• Exercise directions:
Each line of the data below from the one holding "6 Bedroom House" to the one holding "Property building, Facade/entrance, On site", inclusive, is to be reproduced exactly; no other line belongs in the answer.
======== Material supplied ========
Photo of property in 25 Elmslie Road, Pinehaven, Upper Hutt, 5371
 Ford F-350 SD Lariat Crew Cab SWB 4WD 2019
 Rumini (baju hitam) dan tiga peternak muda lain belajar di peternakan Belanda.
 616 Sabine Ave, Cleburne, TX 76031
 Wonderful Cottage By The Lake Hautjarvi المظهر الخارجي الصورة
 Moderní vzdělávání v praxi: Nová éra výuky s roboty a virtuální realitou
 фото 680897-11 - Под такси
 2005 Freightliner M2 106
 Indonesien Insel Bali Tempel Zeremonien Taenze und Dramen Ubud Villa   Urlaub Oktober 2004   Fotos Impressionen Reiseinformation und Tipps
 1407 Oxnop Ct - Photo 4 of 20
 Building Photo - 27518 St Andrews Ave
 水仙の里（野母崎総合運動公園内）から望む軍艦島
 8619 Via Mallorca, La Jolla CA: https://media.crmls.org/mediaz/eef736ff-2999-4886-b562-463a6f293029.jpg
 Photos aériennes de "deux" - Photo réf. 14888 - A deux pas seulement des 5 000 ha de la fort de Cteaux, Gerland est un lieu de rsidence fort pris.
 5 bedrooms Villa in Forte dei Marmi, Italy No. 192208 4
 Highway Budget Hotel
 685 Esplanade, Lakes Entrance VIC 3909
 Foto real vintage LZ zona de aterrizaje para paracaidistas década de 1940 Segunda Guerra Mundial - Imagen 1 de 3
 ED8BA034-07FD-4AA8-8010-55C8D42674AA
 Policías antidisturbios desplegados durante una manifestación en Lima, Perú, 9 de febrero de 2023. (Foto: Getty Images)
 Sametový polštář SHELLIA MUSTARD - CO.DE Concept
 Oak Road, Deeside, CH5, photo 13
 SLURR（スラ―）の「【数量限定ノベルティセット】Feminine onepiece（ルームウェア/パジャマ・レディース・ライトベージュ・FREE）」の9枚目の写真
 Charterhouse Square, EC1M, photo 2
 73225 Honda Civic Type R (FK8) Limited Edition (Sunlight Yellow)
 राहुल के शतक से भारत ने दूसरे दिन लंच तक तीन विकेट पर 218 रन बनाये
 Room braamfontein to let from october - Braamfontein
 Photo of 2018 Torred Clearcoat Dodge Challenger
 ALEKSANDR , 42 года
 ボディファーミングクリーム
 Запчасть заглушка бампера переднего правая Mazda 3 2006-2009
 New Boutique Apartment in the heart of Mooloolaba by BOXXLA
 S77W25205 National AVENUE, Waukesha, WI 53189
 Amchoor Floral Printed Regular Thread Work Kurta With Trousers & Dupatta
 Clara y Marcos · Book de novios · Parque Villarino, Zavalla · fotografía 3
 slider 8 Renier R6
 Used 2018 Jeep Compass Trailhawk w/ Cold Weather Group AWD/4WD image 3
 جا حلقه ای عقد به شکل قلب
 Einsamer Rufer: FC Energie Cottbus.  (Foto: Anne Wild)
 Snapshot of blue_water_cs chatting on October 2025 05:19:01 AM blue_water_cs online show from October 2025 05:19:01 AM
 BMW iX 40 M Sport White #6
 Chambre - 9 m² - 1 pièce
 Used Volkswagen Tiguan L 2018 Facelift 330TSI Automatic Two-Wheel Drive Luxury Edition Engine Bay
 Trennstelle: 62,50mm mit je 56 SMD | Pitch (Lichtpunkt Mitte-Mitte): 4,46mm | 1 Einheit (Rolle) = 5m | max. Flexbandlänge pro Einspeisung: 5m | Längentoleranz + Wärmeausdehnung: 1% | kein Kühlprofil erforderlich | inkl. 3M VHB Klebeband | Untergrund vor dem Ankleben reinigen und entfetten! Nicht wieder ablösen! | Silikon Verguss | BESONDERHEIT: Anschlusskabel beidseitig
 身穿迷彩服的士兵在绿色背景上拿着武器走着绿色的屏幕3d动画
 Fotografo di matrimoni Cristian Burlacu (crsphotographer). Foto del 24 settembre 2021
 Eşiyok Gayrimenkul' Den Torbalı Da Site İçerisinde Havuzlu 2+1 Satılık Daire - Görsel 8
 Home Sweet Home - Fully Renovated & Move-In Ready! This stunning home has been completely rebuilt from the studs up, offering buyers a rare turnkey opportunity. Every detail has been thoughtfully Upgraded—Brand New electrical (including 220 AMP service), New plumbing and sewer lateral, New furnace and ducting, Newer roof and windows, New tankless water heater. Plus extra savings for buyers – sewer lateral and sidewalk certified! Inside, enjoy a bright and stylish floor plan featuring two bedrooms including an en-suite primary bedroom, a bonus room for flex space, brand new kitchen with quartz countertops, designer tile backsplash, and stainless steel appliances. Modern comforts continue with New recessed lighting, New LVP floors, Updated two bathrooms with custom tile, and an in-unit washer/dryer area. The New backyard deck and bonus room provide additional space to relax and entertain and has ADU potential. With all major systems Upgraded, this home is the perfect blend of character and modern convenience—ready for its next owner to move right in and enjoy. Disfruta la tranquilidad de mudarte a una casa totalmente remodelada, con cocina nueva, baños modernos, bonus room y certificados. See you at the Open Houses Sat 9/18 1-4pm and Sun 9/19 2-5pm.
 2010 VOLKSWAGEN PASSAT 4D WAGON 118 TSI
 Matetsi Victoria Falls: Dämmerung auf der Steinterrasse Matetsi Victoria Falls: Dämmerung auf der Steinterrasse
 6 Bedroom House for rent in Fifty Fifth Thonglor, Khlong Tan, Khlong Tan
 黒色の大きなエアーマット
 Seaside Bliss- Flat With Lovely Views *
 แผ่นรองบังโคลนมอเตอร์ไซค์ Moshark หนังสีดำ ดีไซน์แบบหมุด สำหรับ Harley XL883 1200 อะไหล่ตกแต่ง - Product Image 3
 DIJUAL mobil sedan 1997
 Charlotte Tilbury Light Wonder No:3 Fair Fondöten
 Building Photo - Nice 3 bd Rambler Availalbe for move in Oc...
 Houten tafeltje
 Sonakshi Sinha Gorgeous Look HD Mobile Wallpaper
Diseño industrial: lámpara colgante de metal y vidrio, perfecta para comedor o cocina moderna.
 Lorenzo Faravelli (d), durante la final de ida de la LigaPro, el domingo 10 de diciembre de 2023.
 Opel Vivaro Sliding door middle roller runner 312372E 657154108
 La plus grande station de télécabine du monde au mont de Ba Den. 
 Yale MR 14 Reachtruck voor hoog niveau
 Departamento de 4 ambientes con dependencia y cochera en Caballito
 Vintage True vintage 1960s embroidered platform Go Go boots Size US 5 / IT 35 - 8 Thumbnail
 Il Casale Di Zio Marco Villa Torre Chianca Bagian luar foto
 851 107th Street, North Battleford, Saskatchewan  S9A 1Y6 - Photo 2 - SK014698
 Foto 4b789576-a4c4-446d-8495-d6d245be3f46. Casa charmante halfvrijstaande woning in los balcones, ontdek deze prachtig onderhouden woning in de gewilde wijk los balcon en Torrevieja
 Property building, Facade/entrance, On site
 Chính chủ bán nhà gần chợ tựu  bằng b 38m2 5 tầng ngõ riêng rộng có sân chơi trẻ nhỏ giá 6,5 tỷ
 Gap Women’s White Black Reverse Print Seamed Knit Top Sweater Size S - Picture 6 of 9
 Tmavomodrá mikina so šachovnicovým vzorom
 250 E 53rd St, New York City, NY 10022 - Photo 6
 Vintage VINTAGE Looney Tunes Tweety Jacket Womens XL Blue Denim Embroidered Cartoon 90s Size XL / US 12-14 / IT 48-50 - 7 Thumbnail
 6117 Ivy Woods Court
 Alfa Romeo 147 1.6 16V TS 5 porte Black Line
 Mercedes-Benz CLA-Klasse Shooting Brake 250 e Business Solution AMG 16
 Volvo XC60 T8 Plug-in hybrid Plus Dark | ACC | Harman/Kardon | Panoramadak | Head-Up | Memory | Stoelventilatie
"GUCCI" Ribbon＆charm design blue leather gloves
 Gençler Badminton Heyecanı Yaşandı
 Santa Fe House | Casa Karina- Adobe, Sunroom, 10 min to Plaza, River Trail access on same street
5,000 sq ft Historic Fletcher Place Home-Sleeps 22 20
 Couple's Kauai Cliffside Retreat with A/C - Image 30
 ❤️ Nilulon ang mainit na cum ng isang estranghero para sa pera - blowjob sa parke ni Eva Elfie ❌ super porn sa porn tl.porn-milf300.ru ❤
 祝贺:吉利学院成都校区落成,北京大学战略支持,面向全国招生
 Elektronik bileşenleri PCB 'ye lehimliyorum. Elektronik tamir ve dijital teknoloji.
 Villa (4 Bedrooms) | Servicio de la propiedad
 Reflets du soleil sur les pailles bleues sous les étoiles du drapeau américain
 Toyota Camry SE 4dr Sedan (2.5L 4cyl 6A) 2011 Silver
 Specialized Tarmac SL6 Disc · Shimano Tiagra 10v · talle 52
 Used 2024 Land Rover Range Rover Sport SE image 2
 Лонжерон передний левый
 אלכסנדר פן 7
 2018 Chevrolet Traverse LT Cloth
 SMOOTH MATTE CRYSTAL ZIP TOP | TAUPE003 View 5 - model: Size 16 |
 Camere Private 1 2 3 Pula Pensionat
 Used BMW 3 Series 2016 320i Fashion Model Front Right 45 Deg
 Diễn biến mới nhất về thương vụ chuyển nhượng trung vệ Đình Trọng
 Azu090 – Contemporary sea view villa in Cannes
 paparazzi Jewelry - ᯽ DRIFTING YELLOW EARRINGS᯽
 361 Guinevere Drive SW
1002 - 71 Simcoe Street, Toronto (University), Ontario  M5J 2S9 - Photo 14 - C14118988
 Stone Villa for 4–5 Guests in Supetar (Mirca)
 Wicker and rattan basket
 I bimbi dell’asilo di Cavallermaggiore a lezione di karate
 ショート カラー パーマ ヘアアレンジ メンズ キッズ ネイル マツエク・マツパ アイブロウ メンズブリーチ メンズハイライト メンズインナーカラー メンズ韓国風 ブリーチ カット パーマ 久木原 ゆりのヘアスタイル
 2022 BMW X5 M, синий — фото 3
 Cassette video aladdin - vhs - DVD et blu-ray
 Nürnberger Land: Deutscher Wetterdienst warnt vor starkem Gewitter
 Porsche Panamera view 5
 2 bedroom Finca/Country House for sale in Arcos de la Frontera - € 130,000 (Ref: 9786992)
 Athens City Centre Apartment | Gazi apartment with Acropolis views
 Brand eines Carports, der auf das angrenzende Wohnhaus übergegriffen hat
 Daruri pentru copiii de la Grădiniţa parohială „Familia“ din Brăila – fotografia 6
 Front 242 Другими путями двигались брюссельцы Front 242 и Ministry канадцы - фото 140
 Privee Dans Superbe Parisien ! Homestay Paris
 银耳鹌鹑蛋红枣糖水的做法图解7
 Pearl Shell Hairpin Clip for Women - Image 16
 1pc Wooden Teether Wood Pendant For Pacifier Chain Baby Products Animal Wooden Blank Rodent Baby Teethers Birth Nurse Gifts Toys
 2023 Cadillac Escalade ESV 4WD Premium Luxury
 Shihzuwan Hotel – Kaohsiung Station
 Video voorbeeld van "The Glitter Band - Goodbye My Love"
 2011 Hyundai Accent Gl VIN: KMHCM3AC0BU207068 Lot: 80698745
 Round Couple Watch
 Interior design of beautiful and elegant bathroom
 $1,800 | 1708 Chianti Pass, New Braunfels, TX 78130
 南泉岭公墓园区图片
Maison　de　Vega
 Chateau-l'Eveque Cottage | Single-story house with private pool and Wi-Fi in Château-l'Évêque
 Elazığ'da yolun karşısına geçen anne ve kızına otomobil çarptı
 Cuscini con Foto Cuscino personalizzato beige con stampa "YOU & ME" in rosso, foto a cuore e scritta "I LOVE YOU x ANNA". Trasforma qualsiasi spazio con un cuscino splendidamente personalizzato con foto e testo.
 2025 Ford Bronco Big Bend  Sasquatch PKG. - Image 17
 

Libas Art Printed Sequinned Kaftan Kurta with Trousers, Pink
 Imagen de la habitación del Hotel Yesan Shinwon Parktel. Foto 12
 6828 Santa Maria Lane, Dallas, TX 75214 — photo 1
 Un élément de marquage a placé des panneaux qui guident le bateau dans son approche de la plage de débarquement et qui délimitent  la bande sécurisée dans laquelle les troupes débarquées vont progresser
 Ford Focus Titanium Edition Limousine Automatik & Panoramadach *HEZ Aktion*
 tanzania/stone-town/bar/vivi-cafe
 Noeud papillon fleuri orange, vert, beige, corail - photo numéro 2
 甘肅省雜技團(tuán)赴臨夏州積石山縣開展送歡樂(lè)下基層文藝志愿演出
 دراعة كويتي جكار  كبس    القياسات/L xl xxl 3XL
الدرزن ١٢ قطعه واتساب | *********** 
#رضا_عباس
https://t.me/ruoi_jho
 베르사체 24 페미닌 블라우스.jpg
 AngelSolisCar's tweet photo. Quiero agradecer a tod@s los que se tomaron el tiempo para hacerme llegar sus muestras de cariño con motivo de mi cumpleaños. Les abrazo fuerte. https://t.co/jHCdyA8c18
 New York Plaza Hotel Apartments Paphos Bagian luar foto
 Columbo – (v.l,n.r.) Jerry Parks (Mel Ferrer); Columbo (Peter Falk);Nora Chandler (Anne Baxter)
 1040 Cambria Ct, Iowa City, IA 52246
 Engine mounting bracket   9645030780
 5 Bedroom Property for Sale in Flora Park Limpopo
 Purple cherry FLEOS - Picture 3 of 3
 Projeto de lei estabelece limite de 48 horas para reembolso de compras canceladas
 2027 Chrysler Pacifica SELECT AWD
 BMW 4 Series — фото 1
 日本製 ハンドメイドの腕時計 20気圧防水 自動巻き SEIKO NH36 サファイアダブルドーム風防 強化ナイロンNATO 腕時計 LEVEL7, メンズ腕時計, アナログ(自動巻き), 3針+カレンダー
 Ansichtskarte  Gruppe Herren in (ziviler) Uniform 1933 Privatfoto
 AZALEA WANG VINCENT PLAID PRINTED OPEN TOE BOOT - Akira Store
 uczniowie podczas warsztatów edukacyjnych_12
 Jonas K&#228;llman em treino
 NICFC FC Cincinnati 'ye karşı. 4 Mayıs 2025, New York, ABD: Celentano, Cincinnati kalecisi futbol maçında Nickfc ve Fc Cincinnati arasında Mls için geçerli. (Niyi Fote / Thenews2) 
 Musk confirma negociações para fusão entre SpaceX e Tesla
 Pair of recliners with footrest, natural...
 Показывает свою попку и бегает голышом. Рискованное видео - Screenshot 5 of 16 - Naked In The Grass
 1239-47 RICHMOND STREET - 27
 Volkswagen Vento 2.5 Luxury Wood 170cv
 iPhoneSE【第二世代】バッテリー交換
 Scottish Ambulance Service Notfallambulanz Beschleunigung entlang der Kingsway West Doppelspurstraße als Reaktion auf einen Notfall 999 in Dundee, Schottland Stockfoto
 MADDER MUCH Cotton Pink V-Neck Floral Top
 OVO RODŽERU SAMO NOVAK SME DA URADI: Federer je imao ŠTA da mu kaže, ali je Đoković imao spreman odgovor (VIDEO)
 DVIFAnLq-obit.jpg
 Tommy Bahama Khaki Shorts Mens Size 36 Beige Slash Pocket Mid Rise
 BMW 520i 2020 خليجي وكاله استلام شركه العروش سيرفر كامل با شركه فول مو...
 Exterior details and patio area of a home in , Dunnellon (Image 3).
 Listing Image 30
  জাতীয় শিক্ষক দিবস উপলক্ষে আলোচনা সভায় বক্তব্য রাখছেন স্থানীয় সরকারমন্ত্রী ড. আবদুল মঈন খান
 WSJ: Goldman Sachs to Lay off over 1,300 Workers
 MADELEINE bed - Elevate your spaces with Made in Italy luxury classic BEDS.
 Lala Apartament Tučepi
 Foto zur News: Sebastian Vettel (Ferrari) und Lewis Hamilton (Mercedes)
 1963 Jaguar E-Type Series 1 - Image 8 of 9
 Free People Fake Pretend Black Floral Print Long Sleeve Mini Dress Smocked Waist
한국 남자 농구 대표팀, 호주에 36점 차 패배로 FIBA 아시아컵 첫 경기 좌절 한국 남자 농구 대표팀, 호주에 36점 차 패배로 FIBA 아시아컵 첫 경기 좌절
========
• Output of the exercise:
 6 Bedroom House for rent in Fifty Fifth Thonglor, Khlong Tan, Khlong Tan
 黒色の大きなエアーマット
 Seaside Bliss- Flat With Lovely Views *
 แผ่นรองบังโคลนมอเตอร์ไซค์ Moshark หนังสีดำ ดีไซน์แบบหมุด สำหรับ Harley XL883 1200 อะไหล่ตกแต่ง - Product Image 3
 DIJUAL mobil sedan 1997
 Charlotte Tilbury Light Wonder No:3 Fair Fondöten
 Building Photo - Nice 3 bd Rambler Availalbe for move in Oc...
 Houten tafeltje
 Sonakshi Sinha Gorgeous Look HD Mobile Wallpaper
Diseño industrial: lámpara colgante de metal y vidrio, perfecta para comedor o cocina moderna.
 Lorenzo Faravelli (d), durante la final de ida de la LigaPro, el domingo 10 de diciembre de 2023.
 Opel Vivaro Sliding door middle roller runner 312372E 657154108
 La plus grande station de télécabine du monde au mont de Ba Den. 
 Yale MR 14 Reachtruck voor hoog niveau
 Departamento de 4 ambientes con dependencia y cochera en Caballito
 Vintage True vintage 1960s embroidered platform Go Go boots Size US 5 / IT 35 - 8 Thumbnail
 Il Casale Di Zio Marco Villa Torre Chianca Bagian luar foto
 851 107th Street, North Battleford, Saskatchewan  S9A 1Y6 - Photo 2 - SK014698
 Foto 4b789576-a4c4-446d-8495-d6d245be3f46. Casa charmante halfvrijstaande woning in los balcones, ontdek deze prachtig onderhouden woning in de gewilde wijk los balcon en Torrevieja
 Property building, Facade/entrance, On site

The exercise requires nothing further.